This week's Las Vegas Weekly comics column features reviews of
I am exceedingly proud of the headline this week.
In other "news"...
1.) Dear Entire English-speaking World,
New rule: Nobody’s allowed to use the word “pornographic” unless they understand they clearly understand the definition of that word. And none of that “I’ll know it when I see it" crap; it’s in the goddam dictionary.
p.s. Click for context.
2.) I kinda hate to link to the same guy twice in one week, but damn it, Steven Grant has something else smart and relevant to say. If you spend as much time on the Internet reading about comics as I do (i.e. way too much), you’ve no doubt encountered the discussion about Wildstorm miniseries Highwaymen, which its creators feel isn’t doing as well as it should.

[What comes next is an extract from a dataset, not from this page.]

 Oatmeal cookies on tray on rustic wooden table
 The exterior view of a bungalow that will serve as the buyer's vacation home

My original take on the matter was negative and counter-productive—a few sentences posted on someone else’s blog—because the handwringing over a lack of instant super-success seemed kind of silly to me.
Grant takes the question quite seriously, and offers up the most well-thought out analysis about the comics market and why Highwaymen isn’t doing gangbusters.

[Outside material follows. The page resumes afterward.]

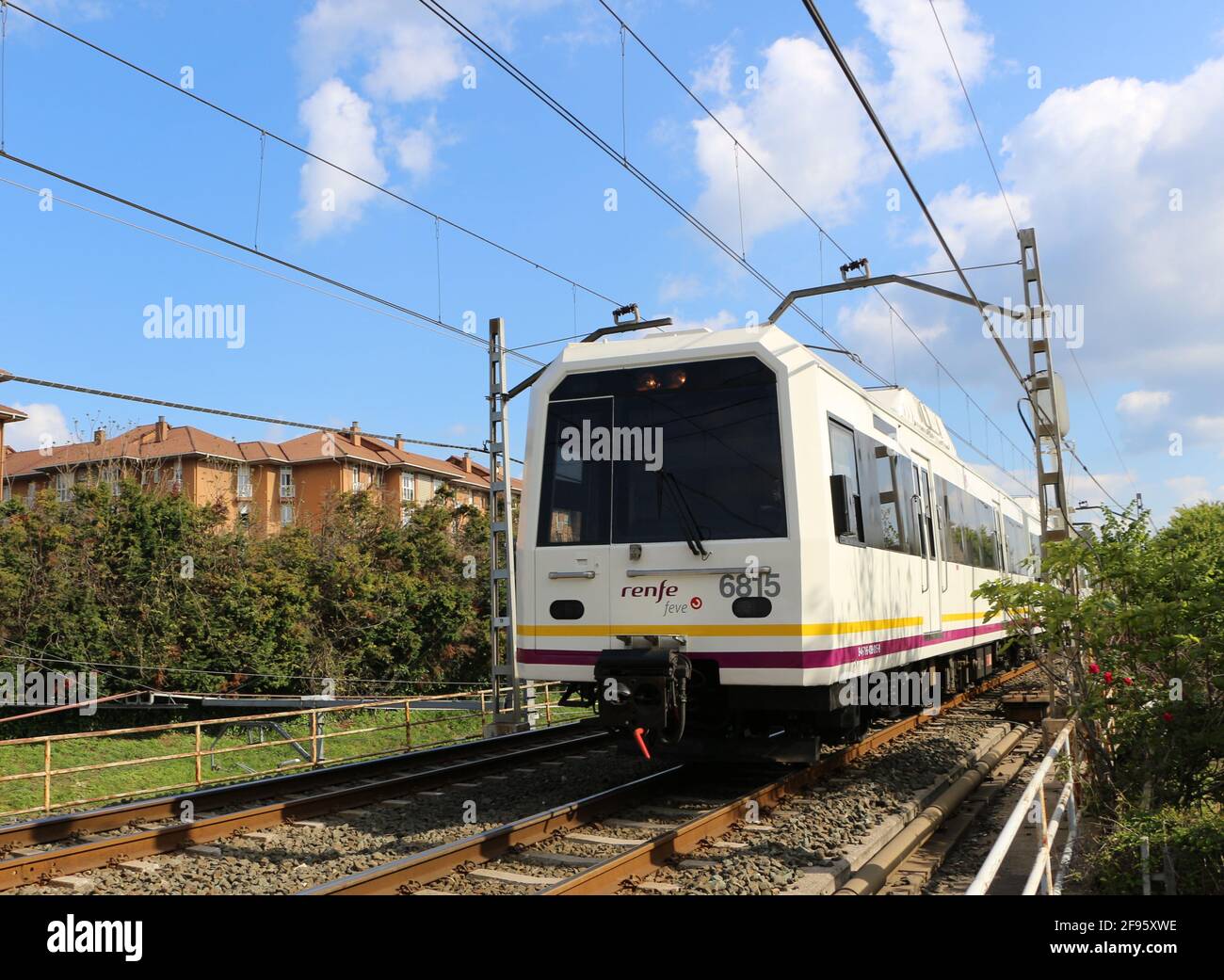 Spanish commuter train travelling at speed with overhead electric cables through urban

I know a lot less than Grant, Marc Bernardin, and everyone else involved with Highwaymen about the market, but it seems to me that it actually is a pretty successful book. It’s not all that far behind, say, Blue Beetle, and in the same neighborhood as DC and Marvel’s kids books starring household names and Wildstorm’s miniseries featuring the New Line horror characters like Jason and Freddy, themselves household names.
I think being a Wildstorm miniseries right now is probably more a detriment than a help; I imagine the book would have done much better at Dark Horse or as an Image Shadowline series. Wildstorm’s identity has always been kind of confused, a mixture of Wildstorm Universe stuff and Alan Moore’s ABC line and sundry other conflicting things, but faith in the brand is probably at an all-time low at this point.

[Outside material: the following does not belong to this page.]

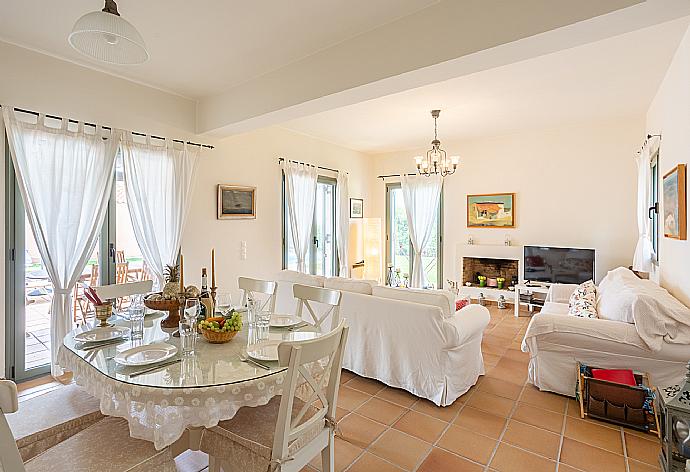 Open-plan living room with sofas, dining area, kitchen, ornamental fireplace, A/C, WiFi internet, satellite TV, and terrace access . - Villa Nora . (Galleria fotografica) }}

Moore is gone, the “soft-reboot” of the “universe” books destroyed the line. I got one issue of Gen 13, one of the worst books I’ve read this year, a few issues of Midnighter, which was announced as a Garth Ennis ongoing and quickly became a hit-or-miss anthology series, and the first issues of the Grant Morrison master-minded Authority and WildCATs, which never went much farther. While I’ve heard good things about some of the other books, from here it looks like the universal reboot was, in essence, as if the company blew up its universe, and never got around to rebuilding it. It would be as if DC released Infinite Crisis #6, and never got around to #7, let alone 52 and “One Year Later.”
The WSU is further degraded by becoming a sort of ghetto of the DCU Multiverse, a place Captain Atom, Jason Todd and Donna Troy have to stop by every once in a while, instead of an exciting, distinct locale like, say, The Marvel Universe (Compare to JLA/WildCATS to Countdown Presents: The Search For Ray Palmer: Wildstorm: The Longer the Title the Better the Comic, Right?: Right? Because Otherwise Why Are We Giving It Such a Ridiculously Long Title?*).
DC has also perplexingly dumped Klaw the Unconquered on WildStorm, and acquired the New Line horror properties to publish under the brand.
There’s a stink about the brand now, and for all the reasons Grant mentions that Highwaymen wouldn’t grab a huge chunk of the Direct Market, there’s also the fact that the “WS” logo it bears is something of a stigma and a sales albatross.
Personally, I never read a single issue. If I got a review copy, I would have been happy to read and reviewed it for “Best Shots”whether I loved or hated it ,or, if the book proved to be a good one, for LVW.
But as a go-to-my-shop-every-Wednesday comics consumer, nothing about the book said “Buy Me” to me, and so I never did.
The Stelfreeze cover is nice, but so are all Stelfreeze covers (It also made it look a bit like Matador, another cop-looking Wildstorm book that Stelfreeze did the cover for, which I made it 4/6ths through and gave up on, as it seemed more TV cop drama than comic book to me).
I didn’t recognize any of the creators’ names.
Creators and covers seem to be the way comics are sold. I realize the creators did a charm offensive on the Internet, including Newsarama, which I go to reapeatedly each day, but since I didn’t know the creators or find the covers or title at all interesting, I didn’t read the interviews, so they obviously didn’t do anything to make me want to try the book.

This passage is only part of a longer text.